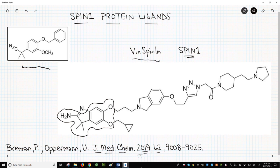If you want to learn more about the synthesis of vin-spin-n by the Oxford scientists, check out the reference on this slide or in the video description. Please subscribe, like, or leave a comment. Take care.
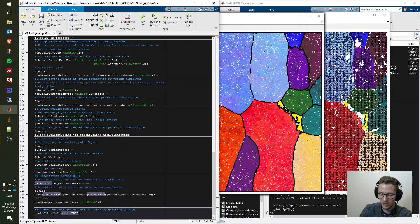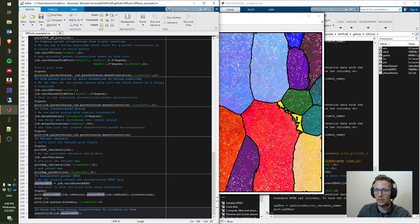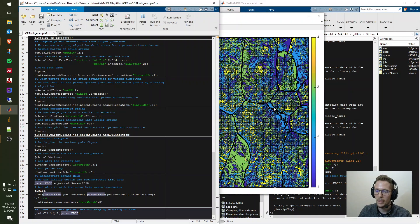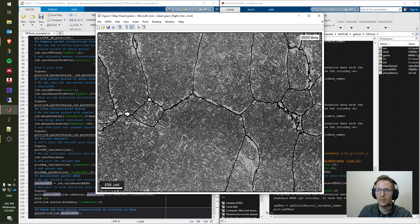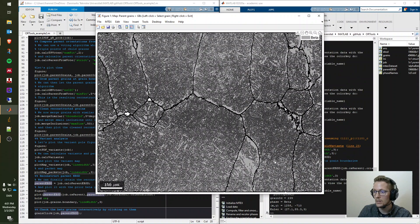As a final part, I demonstrate the grain click feature introduced in example one. Note that all figures will close when you run this section to avoid running out of figure space. You can click on any prior beta grain to get detailed information about that particular grain, which is identified in the command window while plots are being generated.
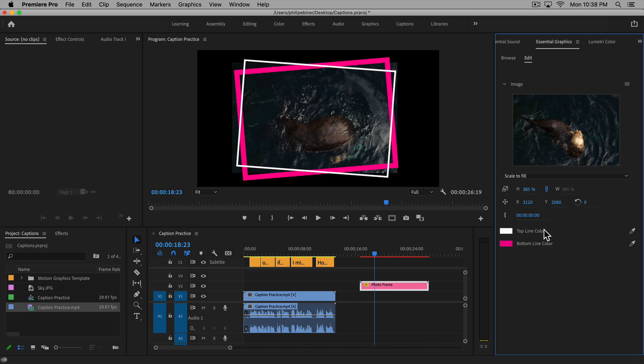And then these other options, the top line, bottom line color, those are things that I added in After Effects.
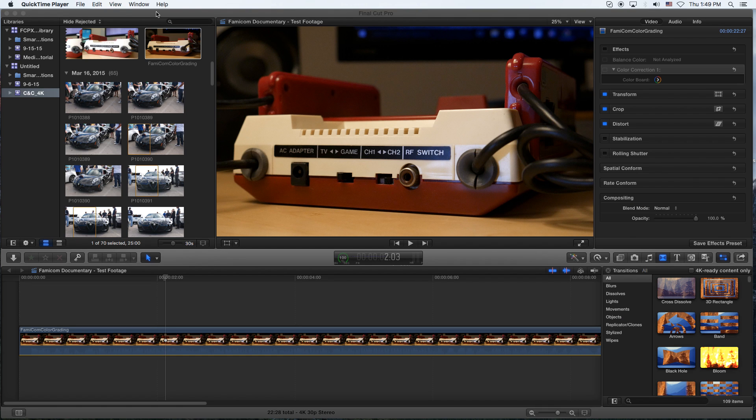Hey, how's it going folks? ET here with another tutorial. Today's tutorial is Final Cut Pro 10, otherwise known as Final Cut Pro X. And what we're going to do is show you how to do voiceover in Final Cut Pro. Very simple.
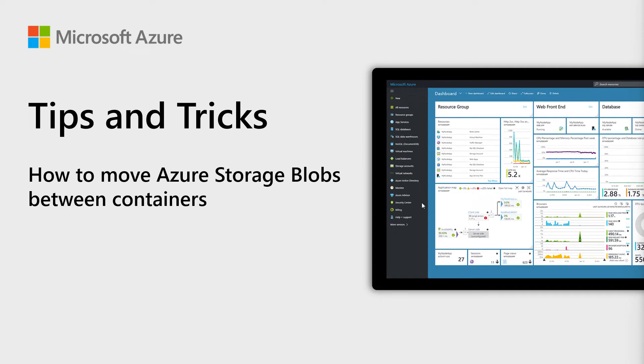Welcome to Azure Tips and Tricks. In this episode, we are using the Azure Storage Explorer to move blobs between containers in Azure Storage.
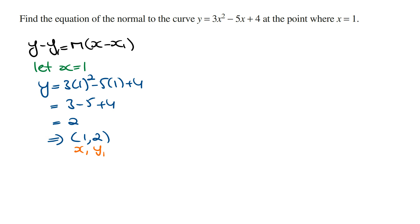Now we need to find the gradient of this normal line at the point where x is equal to 1. We need to use the rule: the gradient of the normal line times the gradient of the tangent line is equal to minus 1. We know how to work out the gradient of the tangent line at x is equal to 1, and this is going to be the derivative evaluated when x is equal to 1.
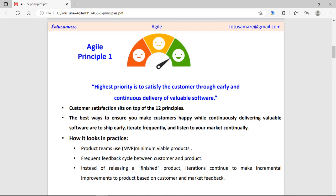The first principle: the highest priority is to satisfy the customer. Customer satisfaction should be the best policy for the management. For that purpose the product team can use MVP — Minimum Viable Product — meaning having enough features to satisfy the customers. Agile focuses on short time frameworks, delivering the product within that framework, and frequently taking feedback from customers so that changes can be incorporated.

Try it ::
Text only, no pictures: please print exactly the lines above from the line with "Hey, how's it" up to and including the line with "Welcome to Azure", and nothing else.

Reply to the task ::
Hey, how's it going folks? ET here with another tutorial. Today's tutorial is Final Cut Pro 10, otherwise known as Final Cut Pro X. And what we're going to do is show you how to do voiceover in Final Cut Pro. Very simple.
Welcome to Azure Tips and Tricks. In this episode, we are using the Azure Storage Explorer to move blobs between containers in Azure Storage.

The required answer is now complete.